Thursday , November 23 2017

Brexit fallout drives UK firms to Nasdaq’s Nordic market

epa01513808 A view of the Nordic Exchange in Helsinki, Finland on 08 October 2008. In general, declines on the Helsinki Stock exchange halted on 07 October following a disastrous 06 October, analysts said.  EPA/MARKKU OJALA

Bloomberg

The head of European listings at Nasdaq Inc. says Britain’s decision to leave the European Union is driving more UK companies to its Nordic market.
Nasdaq Nordic now expects up to 15 percent of its initial public offerings and listings in 2018 could be made by companies outside the region. Most of the approaches it’s getting are from UK companies, but there’s also interest from firms in Ireland, Israel, Malta and Germany, according to Adam Kostyal, who’s in charge of Nasdaq’s European listings.
“London is going through a very uncertain period, and uncertainty is a listing’s worst enemy,” Kostyal said in an earlier interview.
About 10-15 percent of Nasdaq Nordic’s pipeline is filled with companies based outside Sweden, Denmark and Finland.
Kostyal says he’s now seeing enough international interest for that level to stick.
“More and more companies” that had looked to the London Stock Exchange’s AIM market for smaller, growing firms are now ready to “seek other options” after Brexit, Kostyal said. That includes Nasdaq Nordic’s First North offering for such firms, he said.
Nasdaq Stockholm and the London Stock Exchange have taken turns in topping rankings as the most active market in Europe for IPOs in recent quarters.
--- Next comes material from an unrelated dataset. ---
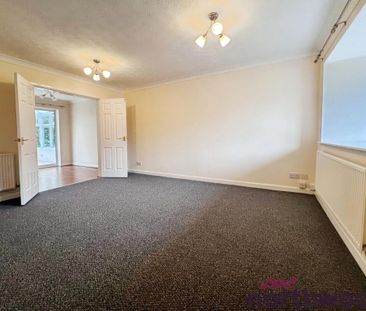 4 bedroom detached house to rent - Photo 3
Stockholm was the busiest European exchange in the second quarter with 34 IPOs versus London’s 24, according to PWC’s IPO Watch Europe report.
While the LSE declined to give specifics on companies weighing alternatives, it said AIM has been more active than First North Nordic if you include its Italian AIM market. It also noted that AIM has a higher average market and deal value than First North. Some 57 percent of the total equity capital raised across European growth markets in the first half of 2017 was on its AIM markets in London and Italy.
Nasdaq Nordic’s main attraction is Stockholm’s alternative marketplace, First North. It allows small companies to raise capital through an IPO without being subject to the stricter rules that apply on the main market.
What’s more, the British government’s decision last month to grant UK Growth Market status to Nasdaq First North is also helping. It was the first marketplace outside the UK and Ireland to get that status and it means British investors can get tax exemptions on investments in British companies listed on Nasdaq First North.
Taken together, all these developments mean that Nasdaq Nordic listings will in 2017 surpass last year’s level, Kostyal said. There’s “every potential” for a new record to be set, he said.